Au 1 er semestre 2016, 2,3 millions d'euros de dons ont d'ores et déjà été encaissés , contre 1,2 million d'euros sur la même période l'an passé hors collecte au bénéfice de Charlie Hebdo : le dispositif, dans son périmètre habituel, marque ainsi une progression de 86 % par rapport à 2015 , dont votre rapporteur se réjouit.
Pour sa part, l'association J'aime l'info a été créée en 2011, à l'initiative de la presse en ligne et notamment du SPIIL et du site Rue89 . En 2015, 41 sites ont bénéficié de dons et, avec 757 340 euros récoltés contre seulement 147 402 euros l'année précédente, le dispositif a enregistré des résultats exceptionnels en raison des collectes au bénéfice d' Arrêt sur images et de Médiapart .
3. Un engagement encore insuffisant des collectivités territoriales
La loi n° 2009-1673 du 30 décembre 2009 de finances pour 2010 a supprimé la taxe professionnelle à compter du 1 er janvier 2010 et a instauré en remplacement la contribution économique territoriale (CET), impôt local composé de la cotisation foncière des entreprises (CFE) et de la cotisation sur la valeur ajoutée des entreprises (CVAE).
Contrairement à la taxe professionnelle, dont elle reprend l'essentiel des règles, la CFE est basée uniquement sur les biens soumis à la taxe foncière. Elle est due dans chaque commune où l'entreprise dispose de locaux et de terrains. Pour sa part, la CVAE est due par les entreprises qui réalisent un chiffre d'affaires hors taxe de plus de 500 000 euros, à l'exception de celles implantées en zone franche urbaine.
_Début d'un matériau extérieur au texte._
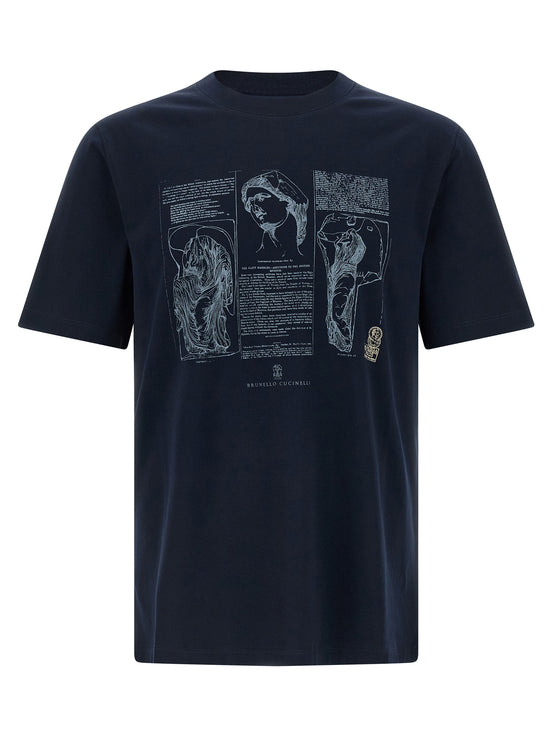 Brunello Cucinelli Blue Cotton T-Shirt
Elle est calculée en fonction de la valeur ajoutée produite par l'entreprise.
Aux termes de l'article 1458 du code général des impôts, sont exonérés de la CET l'ensemble des entreprises du secteur de la presse : les publications de presse ; les sociétés coopératives de messageries de presse et les sociétés dont elles détiennent majoritairement le capital et auxquelles elles confient l'exécution d'opérations de groupage et de distribution ; les agences de presse, les services de presse en ligne, les vendeurs-colporteurs de presse, ainsi que les correspondants de la presse locale.
Les diffuseurs de presse bénéficient également, sous certaines conditions, de l'exonération de CET . En application de la loi n° 2013-1279 du 29 décembre 2013 de finances rectificative pour 2013, l'exonération s'applique à compter de l'imposition au titre de l'année 2015, sous réserve que les communes et les établissements publics de coopération intercommunale (EPCI) à fiscalité propre concernés aient pris une délibération en ce sens avant le 1 er octobre 2014.
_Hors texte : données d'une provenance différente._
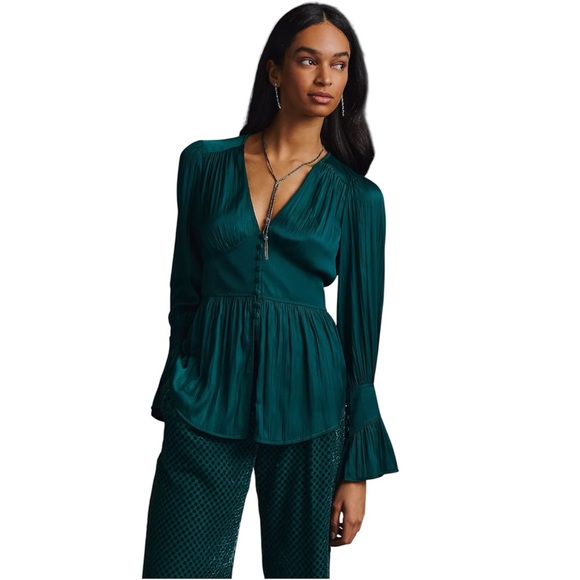 Anthropologie Deep-V Tunic Romantic Blouse Bell Sleeve Emerald Green Satin Sz S - Picture 2 of 10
Le coût, pour les collectivités territoriales s'élève à 41 900 euros pour les communes et à 675 800 euros pour les EPCI. La faculté d'exonération étant cependant très peu pratiquée , il est prévu de généraliser et de rendre obligatoire le dispositif d'exonération en faveur des diffuseurs de presse spécialistes et d'en compenser le coût par l'État . Il serait ciblé sur les diffuseurs indépendants spécialistes de presse (environ 11 500 points de vente). Les premiers chiffrages permettent d'estimer le coût de la mesure, dont bénéficieraient les 11 500 points de vente indépendants, à environ 7,5 millions d'euros .
La proposition, que salue votre rapporteur pour avis, a d'ores et déjà fait l'objet d'un arbitrage positif et devrait être introduite en projet de loi de finances rectificative pour 2017.